Sur le terrain, les trois leviers suivants peuvent présenter des opportunités pour optimiser les coûts d’une filière SSI : 1. La revue de l’Operating Model, 2. la massification des contrats, 3. l’automatisation et le recours à l’offshore.
1/ La revue de l’Operating Model
Pour optimiser un Operating Model SSI, il faut rapidement se poser la question des redondances. Le constat est souvent le même d’une entreprise à l’autre : la filière SSI a grandi très rapidement, et différentes équipes ont des missions très proches voire redondantes. Beaucoup de prestataires peuvent en témoigner : il est assez classique d’être sollicité plusieurs fois pour la même étude au sein d’un Grand Compte, dans plusieurs entités différentes. Même si quelques entreprises envisagent de traiter ce sujet par une centralisation complète de l’équipe sécurité (quelques exemples récents dans l’industrie), la clé est plutôt de regrouper a minima l’expertise cyber en central et de structurer des offres de service consommables par tous : pentests, SOC, redteam, rédaction de politiques, awareness…

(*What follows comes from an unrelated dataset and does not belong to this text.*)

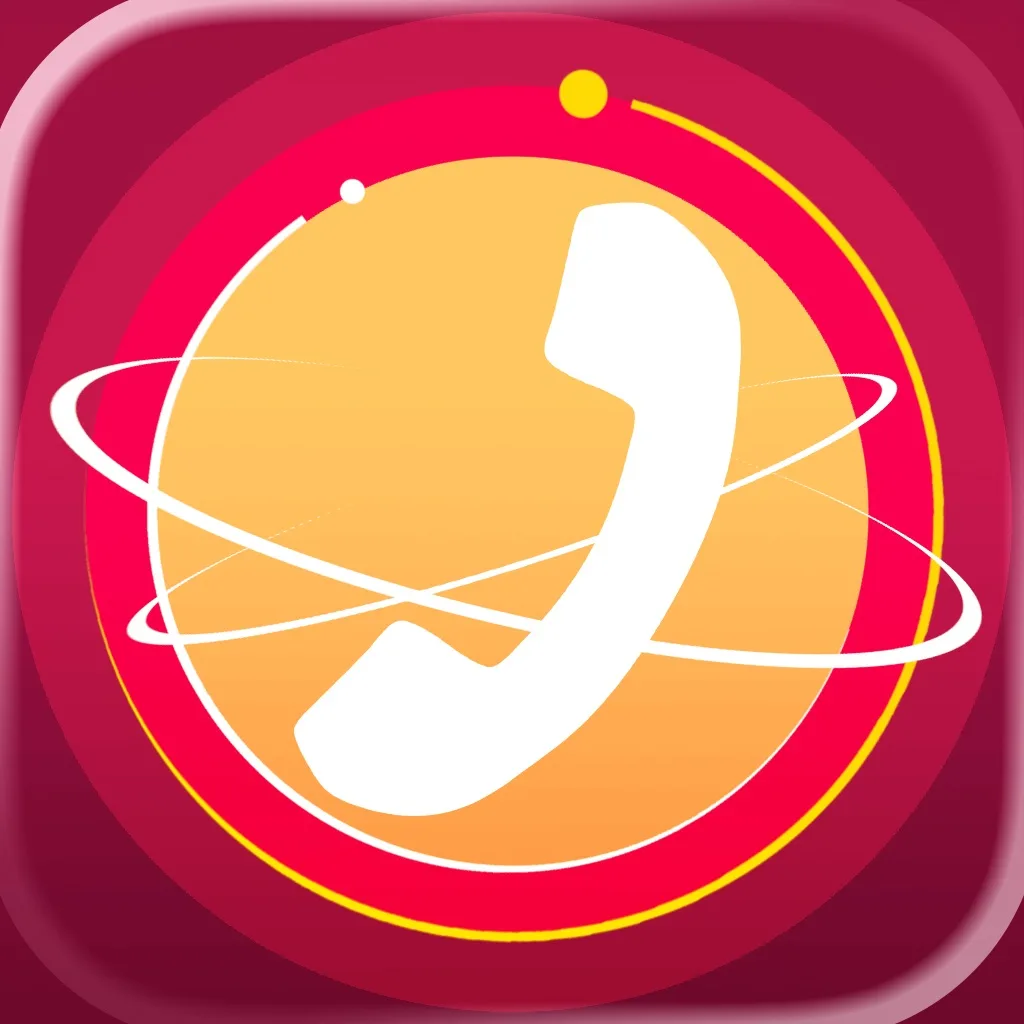 Phoner: Second Phone Number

Attention, cela peut représenter un changement de posture fort pour de nombreuses équipes RSSI, qui passent ainsi d’un rôle de prescripteur à un rôle d’offreur de service avec toutes ses facettes (SLA, mesure de la qualité, voire pénalités). Mais c’est une excellente manière de supprimer les redondances, optimiser les coûts et clarifier au passage les responsabilités !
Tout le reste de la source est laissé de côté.